ACTIVITY: Nothing but an exact reproduction of the records, pictures excluded, should be returned.
▬▬▬
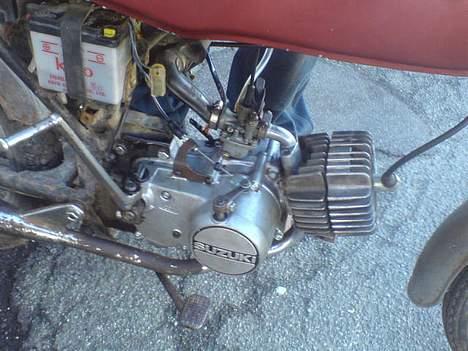 Suzuki samurai dm50 ( solgt ) billede 2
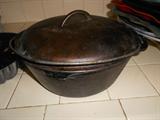 Several Old Cast Iron Cookware Pieces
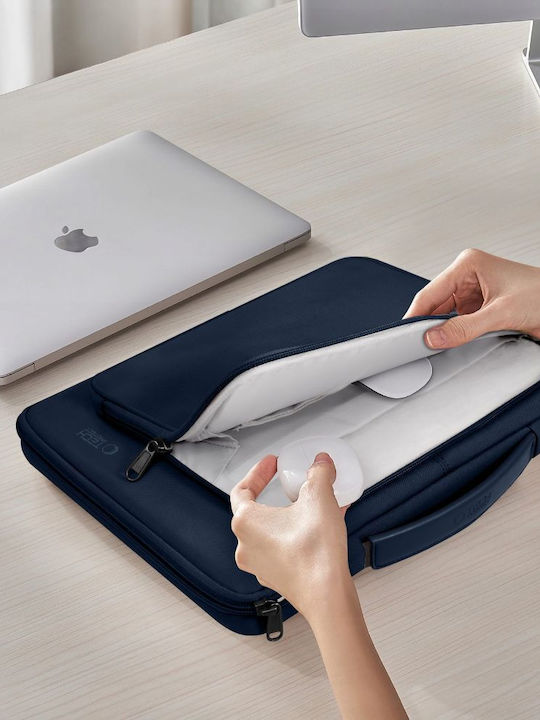Tech-Protect Τσάντα για Laptop 16" σε Μπλε χρώμα 304004-189506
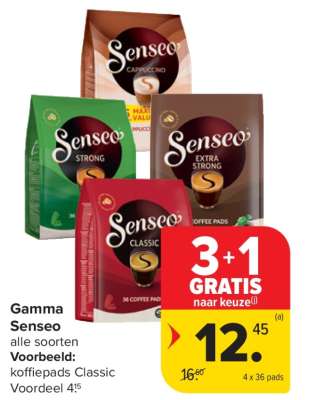 Senseo koffiepads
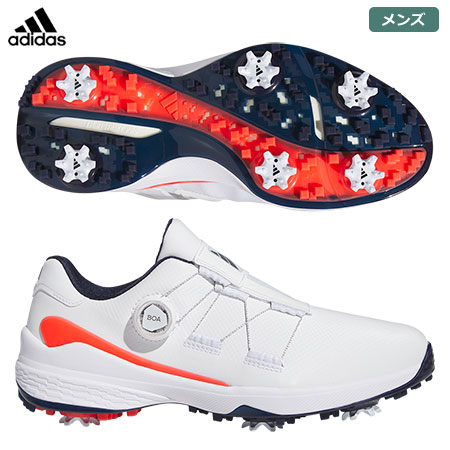 アディダス ゼッドジー23 ボア メンズ スパイクシューズ LIH91 IE2133 adidas 2023年モデル 日本正規品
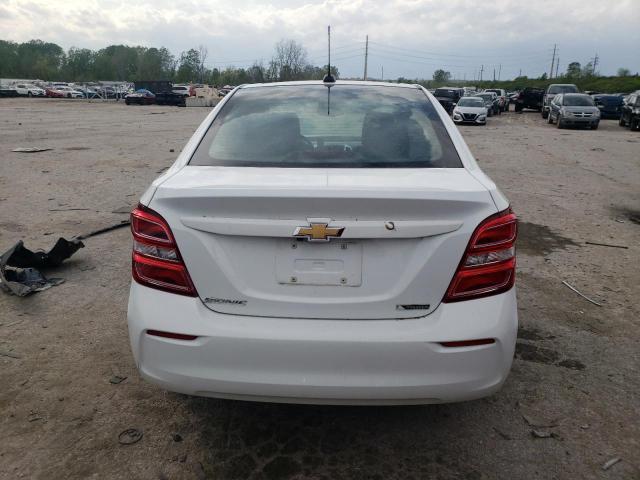 2020 CHEVROLET SONIC PREM - 1G1JF5SB4L4120484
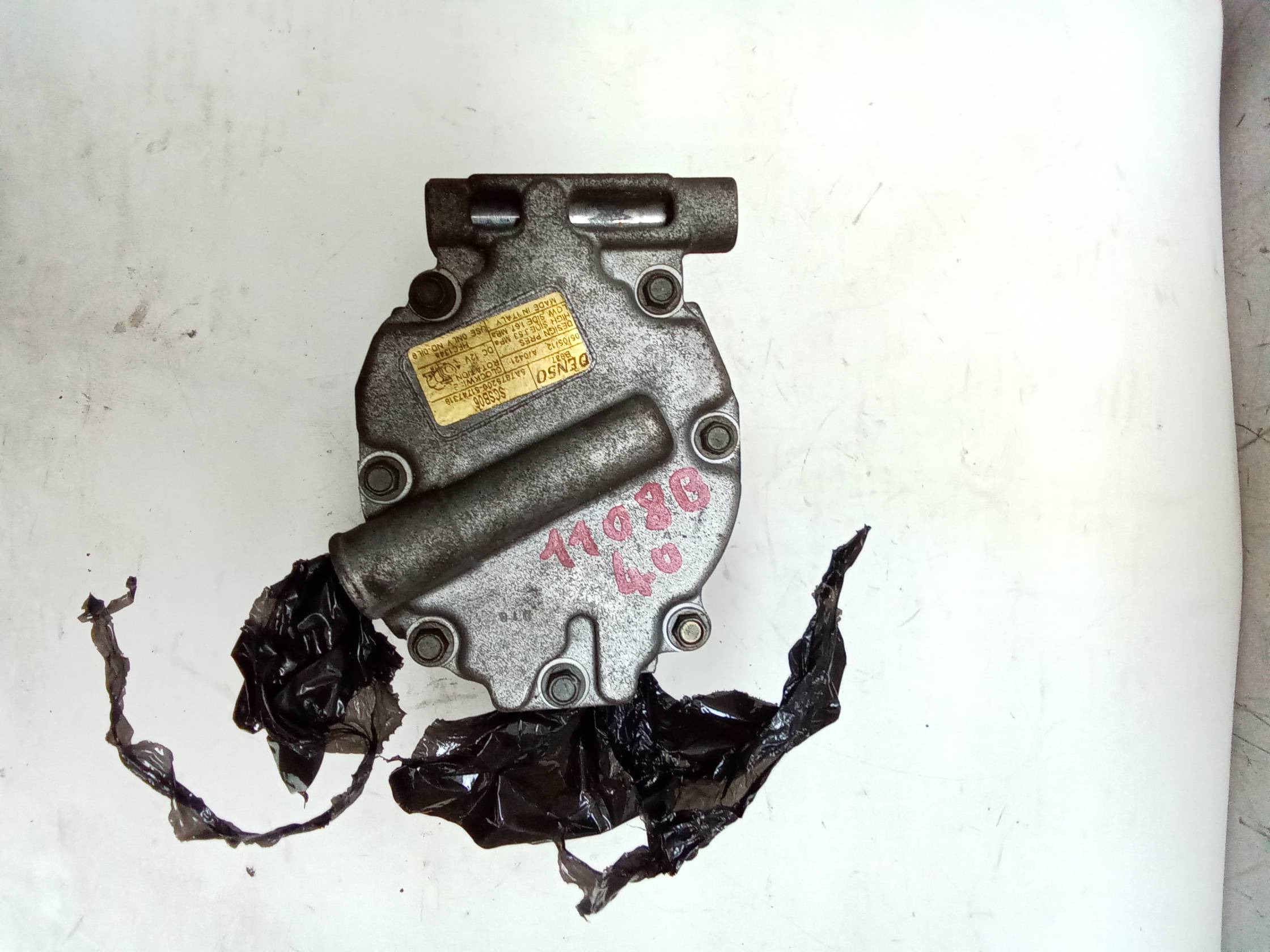 Compressore aria condizionata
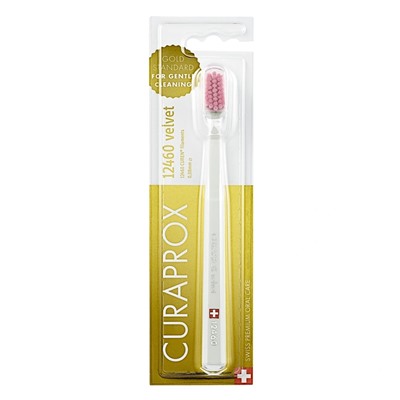 Зубная щетка CURAPROX 12460 Velvet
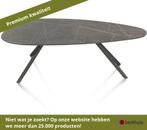 XOOON Minato salontafel HPL/metaal - Onyx, Huis en Inrichting, Tafels | Salontafels, Ophalen of Verzenden, Nieuw, Overige materialen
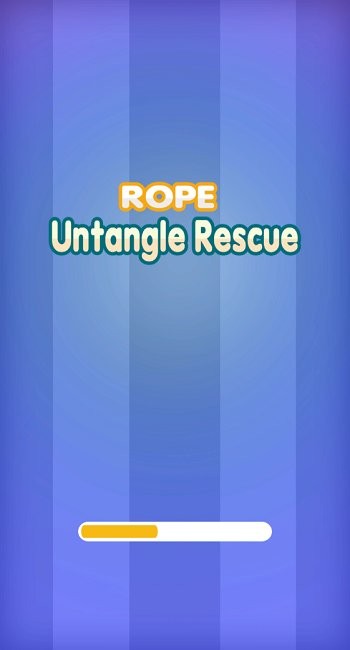 解繩救女孩(Rope Untangle Rescue)0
▬▬▬
PROBLEM SOLUTION:
 Suzuki samurai dm50 ( solgt ) billede 2
 Several Old Cast Iron Cookware Pieces
Tech-Protect Τσάντα για Laptop 16" σε Μπλε χρώμα 304004-189506
 Senseo koffiepads
 アディダス ゼッドジー23 ボア メンズ スパイクシューズ LIH91 IE2133 adidas 2023年モデル 日本正規品
 2020 CHEVROLET SONIC PREM - 1G1JF5SB4L4120484
 Compressore aria condizionata
 Зубная щетка CURAPROX 12460 Velvet
 XOOON Minato salontafel HPL/metaal - Onyx, Huis en Inrichting, Tafels | Salontafels, Ophalen of Verzenden, Nieuw, Overige materialen
 解繩救女孩(Rope Untangle Rescue)0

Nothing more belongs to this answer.